Já podem dar o Oscar de coadjuvante pra ele e fim.
Agora, o melhor de O Irlandês foi ter colocado De Niro e Pacino juntos, finalmente com cenas e mais cenas deles juntos conversando e mostrando porque são quem são hoje em dia, dois monstros da dramaturgia, dois atores com mais de 100 anos de experiência juntos que nos mostram o que é fazer cinema, o que é ser delicado, o que é saber usar o corpo, a voz.
Muitas cenas do “casal” principal do filme são inesquecíveis, mas tem uma em particular que me deixou em choque, quando os dois conversando, Pacino bate na mão de De Niro, como um gesto de “eu sei o que estou falando, vai por mim” e Scorcese corta do plano geral que vem mostrando os dois em cena para o close das mãos juntas e volta para a cena aberta onde De Niro dá um sorrisinho concordando que sim, o cara sabe e eu escuto.
Isso para falar de De Niro. Seu irlandês de olhos azuis, tão educado, tão esperto e tão obediente com quem tem que ser já é um marco do cinema. O cara é o responsável por mortes e mais mortes de adversários de seus mentores, por assim dizer e em um momento chave do filme diz não sentir remorso de nada.
O irlandês fez o que tinha que ser feito e só sente mesmo não ter o amor de sua filha Peggy, que desde menina não ligava muito para o pai e que ao crescer, só não ignora mais porque não pode.
E chegamos em Anna Paquin, que vive Peggy. Anna passa o filme inteiro calada, só observando seu pai, fulminando-o com olhares, sempre em momentos chave de sua vida em família e em uma única cena, ela fala. Praticamente a mesma palavra repetida 3 vezes. E só.
Scorcese consegue com isso criar uma personagem tão importante, tão pivotal em um filme que em 209 minutos fala 1 palavra 3 vezes, em uma única cena. É um absurdo, mais um dos toques do gênio que é Marty.
Para dar na nossa cara, repete o feito com Jesse Plemons, que faz o filho de Hoffa. Ele passa o filme inteiro mudo, participando de momentos importantes e finalmente quando fala, fala sobre um peixe que comprou para um amigo, em um dos diálogos mais surreais do filme, importantíssimo enquanto distração de narrativa.
Scorcese faz o que quer com seus atores, com o roteiro, com a câmera, com os enquadramentos, com as gruas e em O Irlandês, faz o que quer com as câmeras lentas, em alguns poucos e lindos momentos do filmes e o mais lindo de tudo, em travellings tão impressionantes e relevantes que o filme por si só parece uma aula magna de como ser um bom diretor.

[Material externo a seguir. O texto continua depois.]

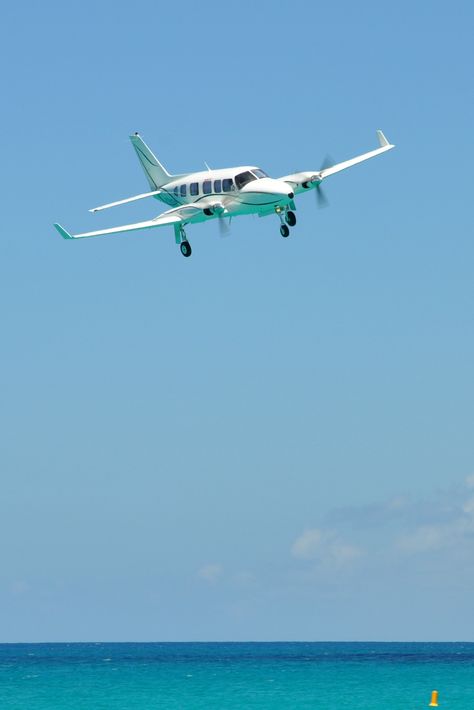 Mosquito Coast, Piper Aircraft, Airplane Wallpaper, St Maarten, General Aviation, Commercial Aircraft, International Airport, Honduras, Aircraft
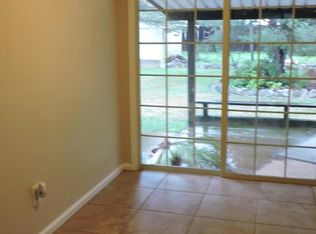 2101 Deerfield Ave, Redding, CA 96002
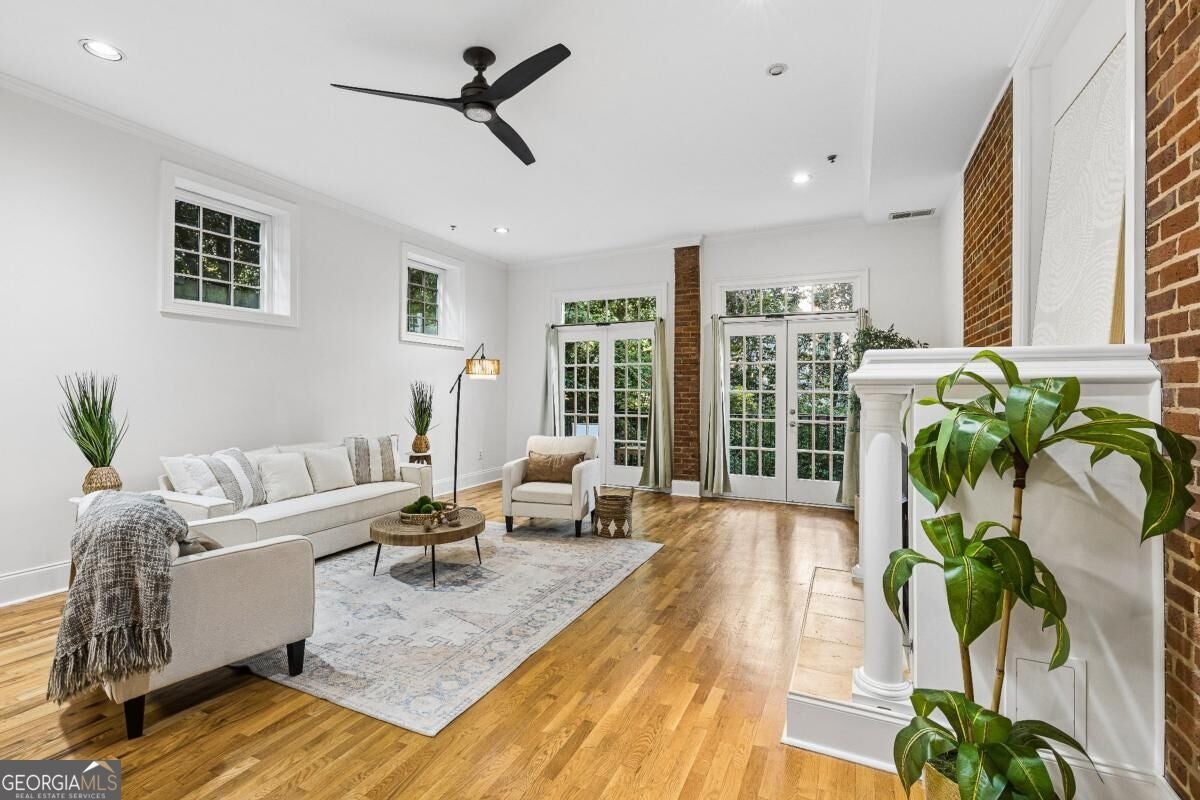 270 15th ST NE 101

O Irlandês é o filme que a gente (acha que) já assistiu, com a história que a gente (acha que) já conhece, mas de uma forma como nunca vista e contada antes.

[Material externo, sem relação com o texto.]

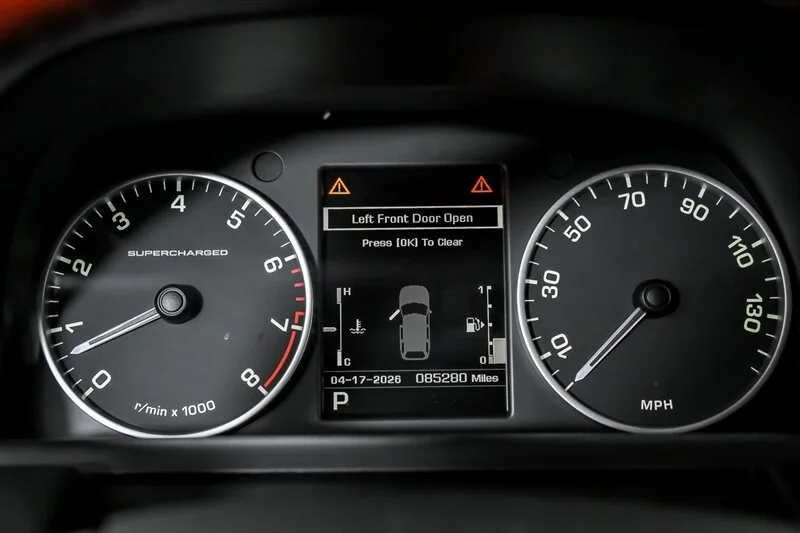 Used 2013 Santorini Black Metallic Land Rover Autobiography image 24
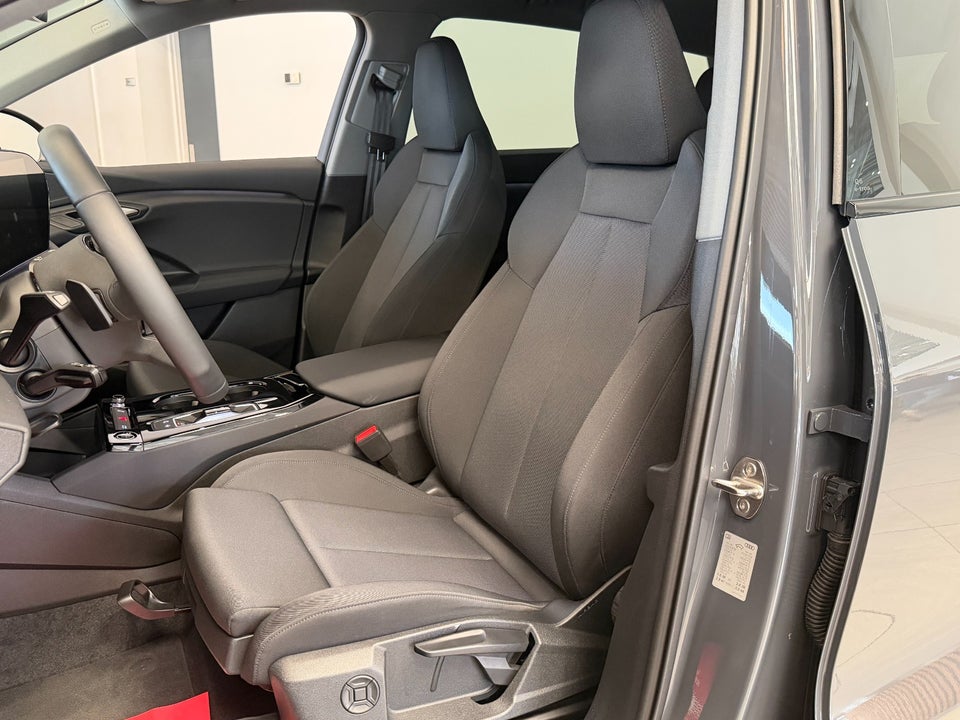 Audi Q6 e-tron Progress 5d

Colocar o personagem principal contando sua história aos 80 e tantos anos de idade, relembrando sua vida épica e trágica é uma forma do próprio Scorcese mostrar que ele também, um cara de 77 anos de idade, que tantos filmes já fez, em O Irlandês está o filme definitivo de gangsters, de mafiosos americanos, o filme dos filmes, com o melhor trio de personagens principais possível e com um cineasta no pico de sua genialidade criativa, de novo, aos 77 anos de idade e que, pelo que parece, não vai entrar em declínio tão cedo.
E ouso dizer que O Irlandês fecha com chave de ouro a época (quase infinda) de filmes de macho americano, de homens que matam indistintamente, que não conversam, que gritam, que bebem, que fumam charuto e que não tem desculpas para todo o absurdo que cometem.
Martin, senhor Scorcese, Deus do cinema, te entrego minha alma e meu corpo, faça o que quiser comigo!